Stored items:
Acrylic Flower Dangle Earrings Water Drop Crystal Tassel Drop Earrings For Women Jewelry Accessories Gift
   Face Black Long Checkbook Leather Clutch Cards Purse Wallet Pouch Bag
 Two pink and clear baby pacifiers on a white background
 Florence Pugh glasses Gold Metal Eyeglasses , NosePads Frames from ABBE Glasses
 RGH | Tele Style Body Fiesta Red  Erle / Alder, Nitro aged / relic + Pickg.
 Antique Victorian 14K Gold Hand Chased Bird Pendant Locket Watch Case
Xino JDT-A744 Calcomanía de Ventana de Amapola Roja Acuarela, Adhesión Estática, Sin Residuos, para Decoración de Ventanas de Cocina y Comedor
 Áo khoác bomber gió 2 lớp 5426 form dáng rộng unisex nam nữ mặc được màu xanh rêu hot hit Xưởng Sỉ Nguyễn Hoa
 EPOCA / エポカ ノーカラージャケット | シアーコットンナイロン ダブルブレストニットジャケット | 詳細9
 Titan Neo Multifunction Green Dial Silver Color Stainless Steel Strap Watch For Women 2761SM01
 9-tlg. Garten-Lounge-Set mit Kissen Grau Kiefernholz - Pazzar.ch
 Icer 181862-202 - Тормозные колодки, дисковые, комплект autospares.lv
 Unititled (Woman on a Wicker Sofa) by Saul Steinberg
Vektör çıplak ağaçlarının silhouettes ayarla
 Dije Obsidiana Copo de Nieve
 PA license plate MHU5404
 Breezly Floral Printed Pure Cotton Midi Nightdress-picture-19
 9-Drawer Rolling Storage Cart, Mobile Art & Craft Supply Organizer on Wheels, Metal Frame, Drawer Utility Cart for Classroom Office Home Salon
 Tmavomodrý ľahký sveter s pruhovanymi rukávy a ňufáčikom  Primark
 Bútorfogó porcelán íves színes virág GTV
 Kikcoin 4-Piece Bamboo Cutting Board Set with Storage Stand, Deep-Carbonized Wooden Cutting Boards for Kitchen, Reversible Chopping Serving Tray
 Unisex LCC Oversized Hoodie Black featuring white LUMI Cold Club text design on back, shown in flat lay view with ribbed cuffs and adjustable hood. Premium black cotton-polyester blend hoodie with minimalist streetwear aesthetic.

## Instructions to follow
A word-for-word transcription of all the data is needed.

## Task response
Acrylic Flower Dangle Earrings Water Drop Crystal Tassel Drop Earrings For Women Jewelry Accessories Gift
   Face Black Long Checkbook Leather Clutch Cards Purse Wallet Pouch Bag
 Two pink and clear baby pacifiers on a white background
 Florence Pugh glasses Gold Metal Eyeglasses , NosePads Frames from ABBE Glasses
 RGH | Tele Style Body Fiesta Red  Erle / Alder, Nitro aged / relic + Pickg.
 Antique Victorian 14K Gold Hand Chased Bird Pendant Locket Watch Case
Xino JDT-A744 Calcomanía de Ventana de Amapola Roja Acuarela, Adhesión Estática, Sin Residuos, para Decoración de Ventanas de Cocina y Comedor
 Áo khoác bomber gió 2 lớp 5426 form dáng rộng unisex nam nữ mặc được màu xanh rêu hot hit Xưởng Sỉ Nguyễn Hoa
 EPOCA / エポカ ノーカラージャケット | シアーコットンナイロン ダブルブレストニットジャケット | 詳細9
 Titan Neo Multifunction Green Dial Silver Color Stainless Steel Strap Watch For Women 2761SM01
 9-tlg. Garten-Lounge-Set mit Kissen Grau Kiefernholz - Pazzar.ch
 Icer 181862-202 - Тормозные колодки, дисковые, комплект autospares.lv
 Unititled (Woman on a Wicker Sofa) by Saul Steinberg
Vektör çıplak ağaçlarının silhouettes ayarla
 Dije Obsidiana Copo de Nieve
 PA license plate MHU5404
 Breezly Floral Printed Pure Cotton Midi Nightdress-picture-19
 9-Drawer Rolling Storage Cart, Mobile Art & Craft Supply Organizer on Wheels, Metal Frame, Drawer Utility Cart for Classroom Office Home Salon
 Tmavomodrý ľahký sveter s pruhovanymi rukávy a ňufáčikom  Primark
 Bútorfogó porcelán íves színes virág GTV
 Kikcoin 4-Piece Bamboo Cutting Board Set with Storage Stand, Deep-Carbonized Wooden Cutting Boards for Kitchen, Reversible Chopping Serving Tray
 Unisex LCC Oversized Hoodie Black featuring white LUMI Cold Club text design on back, shown in flat lay view with ribbed cuffs and adjustable hood. Premium black cotton-polyester blend hoodie with minimalist streetwear aesthetic.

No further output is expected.